» **Exercise input**
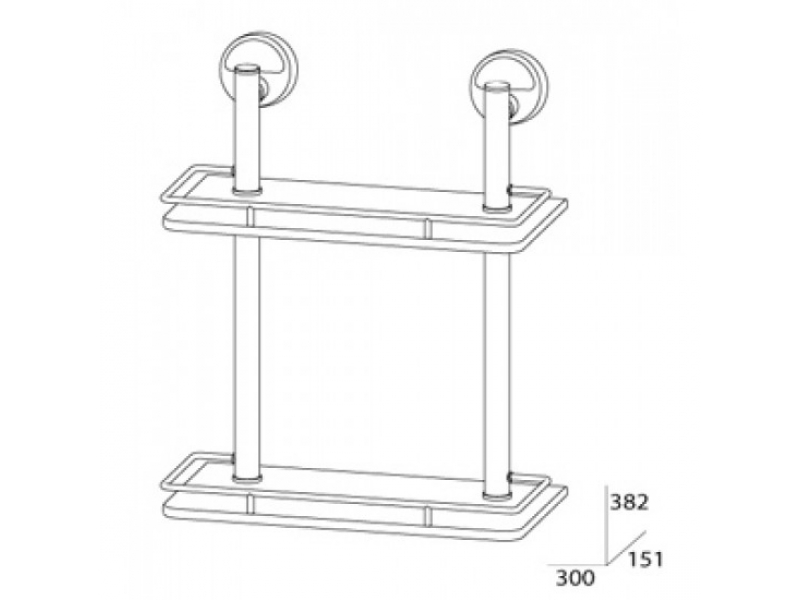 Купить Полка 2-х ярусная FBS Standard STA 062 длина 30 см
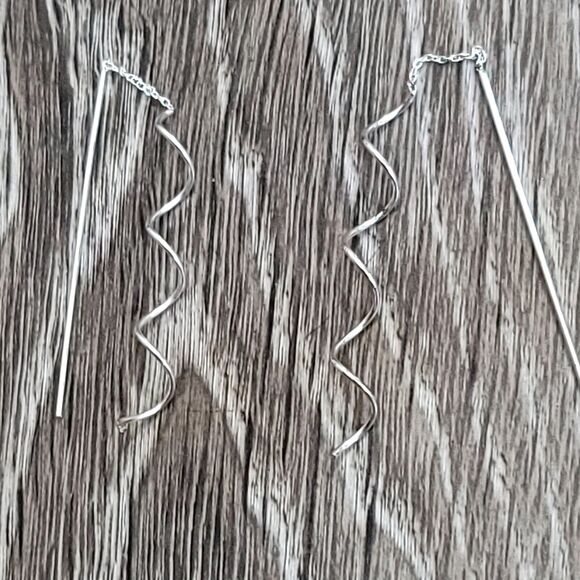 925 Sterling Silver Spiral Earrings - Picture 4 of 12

--

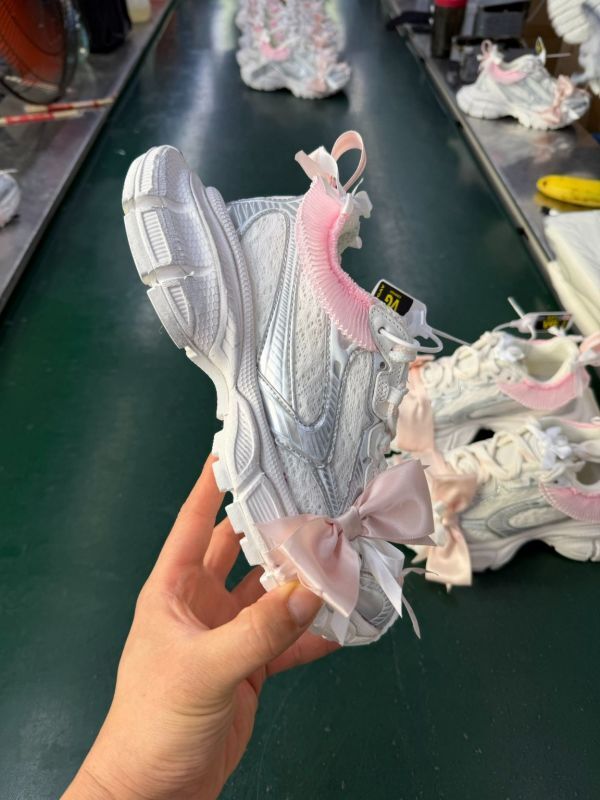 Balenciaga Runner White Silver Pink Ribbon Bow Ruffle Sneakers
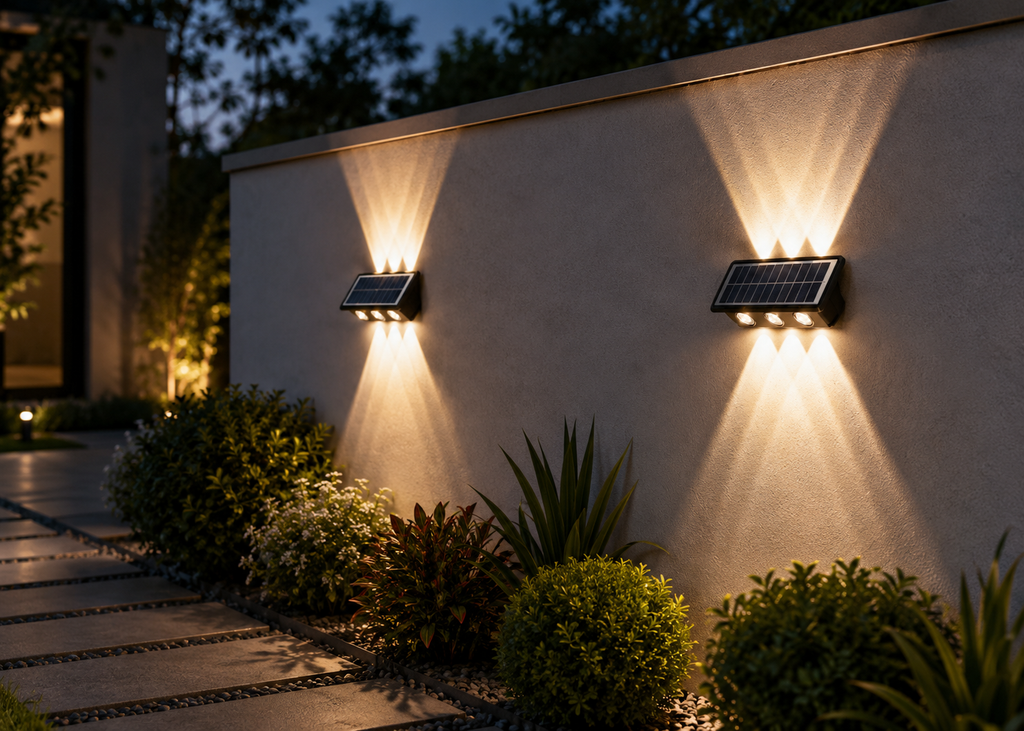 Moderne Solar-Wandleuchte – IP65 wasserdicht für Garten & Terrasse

---

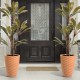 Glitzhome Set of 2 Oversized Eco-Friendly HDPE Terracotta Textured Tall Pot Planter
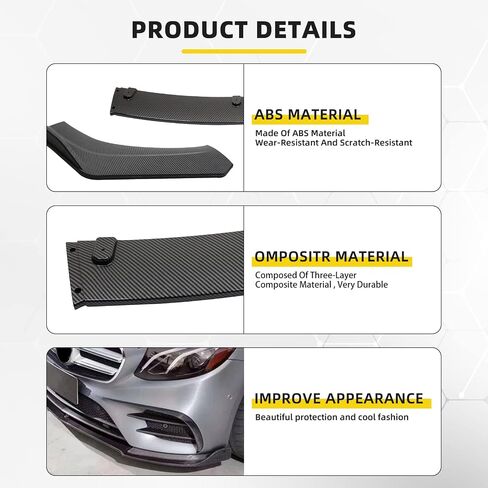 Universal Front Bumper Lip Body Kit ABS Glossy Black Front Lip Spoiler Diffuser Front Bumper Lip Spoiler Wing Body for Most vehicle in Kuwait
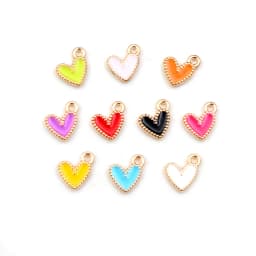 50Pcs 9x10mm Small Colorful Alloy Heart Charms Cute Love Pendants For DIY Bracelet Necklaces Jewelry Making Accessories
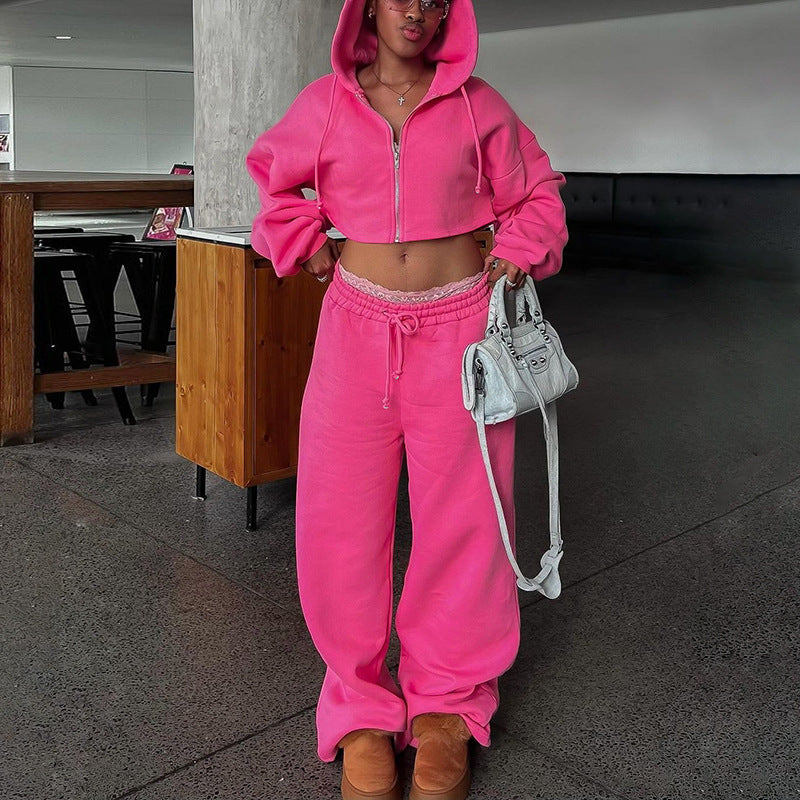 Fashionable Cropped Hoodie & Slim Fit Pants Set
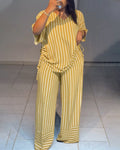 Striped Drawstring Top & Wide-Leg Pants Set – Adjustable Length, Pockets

» **Task to complete**
Only one stretch of the entries above is needed: the lines from the one containing "Fashionable Cropped Hoodie" through the one containing "Striped Drawstring Top". Copy it exactly, without the pictures.

» **Solution for this exercise**
 Fashionable Cropped Hoodie & Slim Fit Pants Set
 Striped Drawstring Top & Wide-Leg Pants Set – Adjustable Length, Pockets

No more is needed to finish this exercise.